Sotaque caipira será “tombado” em cidade do interior de SP

Conselho abriu processo de tombamento da variedade linguística regional. ‘O que antes era pejorativo deve ser motivo de orgulho’, diz Mauro Rontani.

O linguajar falado em Piracicaba, no interior de São Paulo, já é conhecido no Brasil afora, pelo “erre” puxado e ênfase nas vogais, traços característicos do sotaque dos moradores da cidade. Mas agora, o dialeto “caipiracicabano” vai ser reconhecido como patrimônio imaterial. O Conselho de Defesa do Patrimônio Cultural (Codepac) do município abriu, na sexta (13), o processo de tombamento da variedade linguística regional.

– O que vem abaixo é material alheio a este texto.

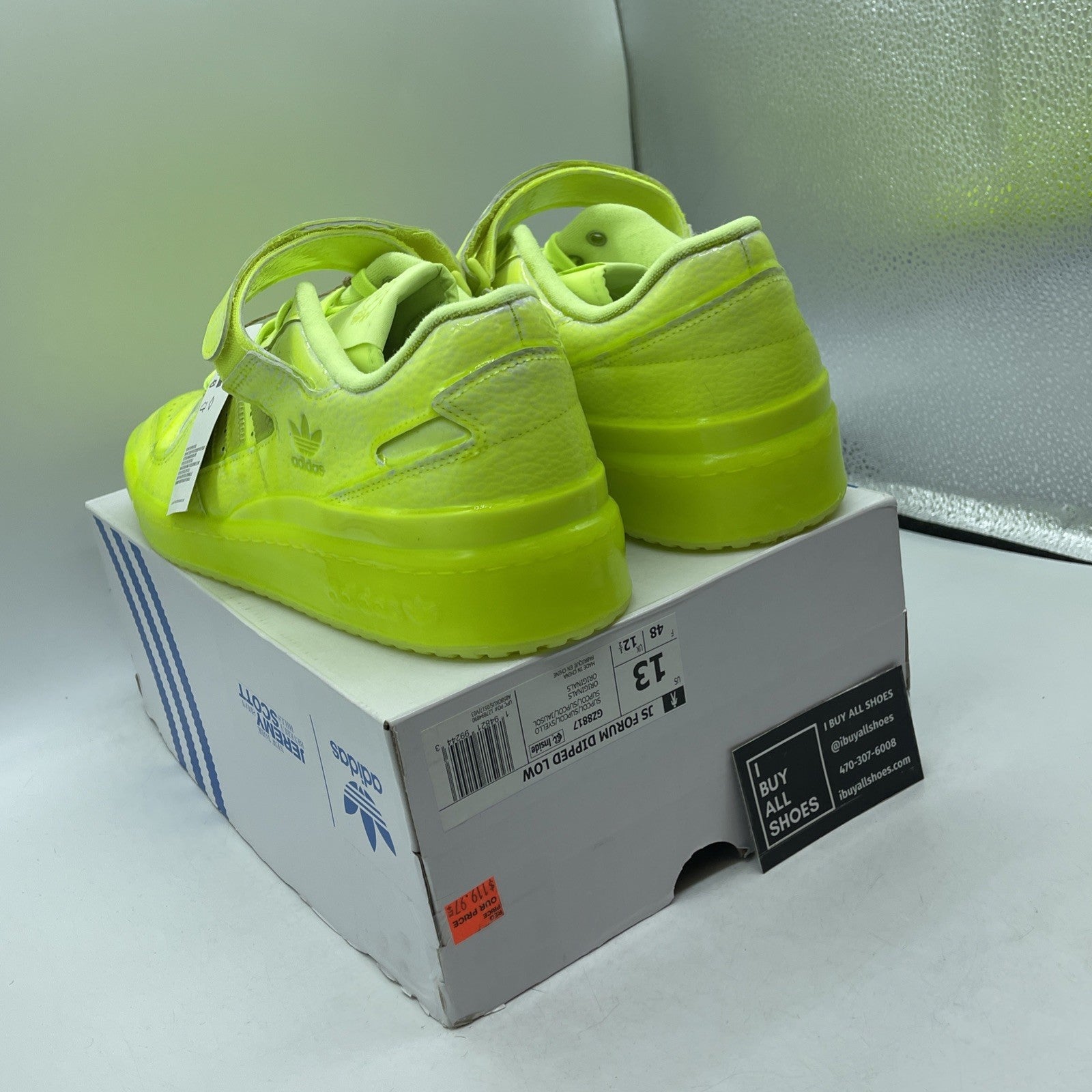 Size 13 - Adidas Jeremy Scott x Forum Low Dipped Yellow Fluorescent (GZ8817)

A proposta que objetiva oficializar o dialeto caipira local como identidade cultural da cidade foi apresentada por quatro entidades da cidade: o Instituto Histórico e Geográfico de Piracicaba (IHGP), a Academia Piracicabana de Letras (APL), o Instituto Cecílio Elias Neto (Icen) e a Associação Piracicabana de Artistas Plásticos (Apap).

Do preconceito ao orgulho
O procurador-geral do município e presidente do Codepac, Mauro Rontani, ressaltou o valor da iniciativa. “O que antes era pejorativo deve ser considerado motivo de orgulho para a cidade”, disse.

“Devemos aprofundar os estudos a fim de que o sotaque e o dialeto caipiracicabanos, como bem imaterial, possam fazer parte do nosso livro de tombo de registro imaterial e receber o título de Patrimônio Cultural de Piracicaba”, concluiu.

Processo
Com a aprovação do parecer, inicia-se o levantamento de informações que sustentarão o processo, com consultas a especialistas, de documentos históricos e registros de manifestações diversas.

Segundo a  historiadora do Instituto Histórico e Geográfico de Piracicaba, Renata Gava, esse inventário é feito também com gravação de voz, imagens e escritas, que confirmarão a relação direta entre a formação da cidade e o que ficou consagrado como cultura caipiracicabana.

Renata explicou que o sotaque e o dialeto podem variar à medida que são diferentes também o acesso à cultura, a motivação e a capacidade de perceber e articular sons de modo diferente, como acontece com o linguajar caipira.

“Essa singularidade rústica pode ser justificada pela miscigenação dos primeiros paulistas e influências linguísticas, uma vez que os indígenas e mestiços tinham dificuldade em articular sons das letras B, D, F, l, LH, R, V e Z em determinadas sílabas”, afirmou.

A peculiaridade do dialeto caipira, segundo a historiadora, que ressoa em letras de modas, no ponteio da viola, carrega em suas pronúncias os ‘erres’, a troca do ‘L’ pelo ‘R’ e ‘LH’ pelo ‘I’, é o que define o linguajar caipira como a língua dos Bandeirantes”, explicou Renata.

No entender da historiadora, a supressão de fonemas na palavra ou a expressão excessiva das vogais, dá ao homem caipira a referência de introvertido e apressado. “Esse dialeto originou variantes e as manteve”, disse.

“Ele contém muitas formas arcaicas e característica coloquial, como o elemento principal deste falar, o R retroflexo, mas há também um padrão linguístico característico como a troca do L pelo R, assim como casos de R e S caírem quando final de palavra, o D das formas verbais em ando, endo, indo cai e vocaliza-se em I”, detalhou.

Cultura Piracicaba
De acordo com o jornalista Cecílio Elias Neto, estudioso da cultura piracicabana, o termo “caipiracicabano” é uma criação do professor Thales Castanho de Andrade. “O professor João Chiarini foi o grande responsável por propagá-lo. A minha missão sempre foi mantê-lo vivo. Porque a cultura caipiracicabana é a nossa identidade”, reforçou.

Da Capital
Segundo Elias Neto, o sotaque caipiracicabano nasceu em São Paulo, a partir da relação dos índios com os portugueses, e chegou até o interior pelos rios, fixando-se no Vale do Médio Tietê, onde está Piracicaba. “É uma questão regional que deveria ser defendida regionalmente, por todas as cidades que se consideram caipiras”, defendeu.

Cecílio explica que o caipiracicabano é uma língua em que a pronúncia do R se dá com a língua voltada para dentro, enquanto o carioca fala o R com a língua voltada para fora. “Por isso, onde um caipira fala, é logo notado. A língua é a sua identidade. Muitas vezes ele se vê em uma posição inferior, como se estivesse cometendo um erro. Isso é absurdo”, enfatiza.

Presidente caipira
O jornalista lembrou que o presidente Prudente de Moraes ficou conhecido como Biriba, o presidente caipira.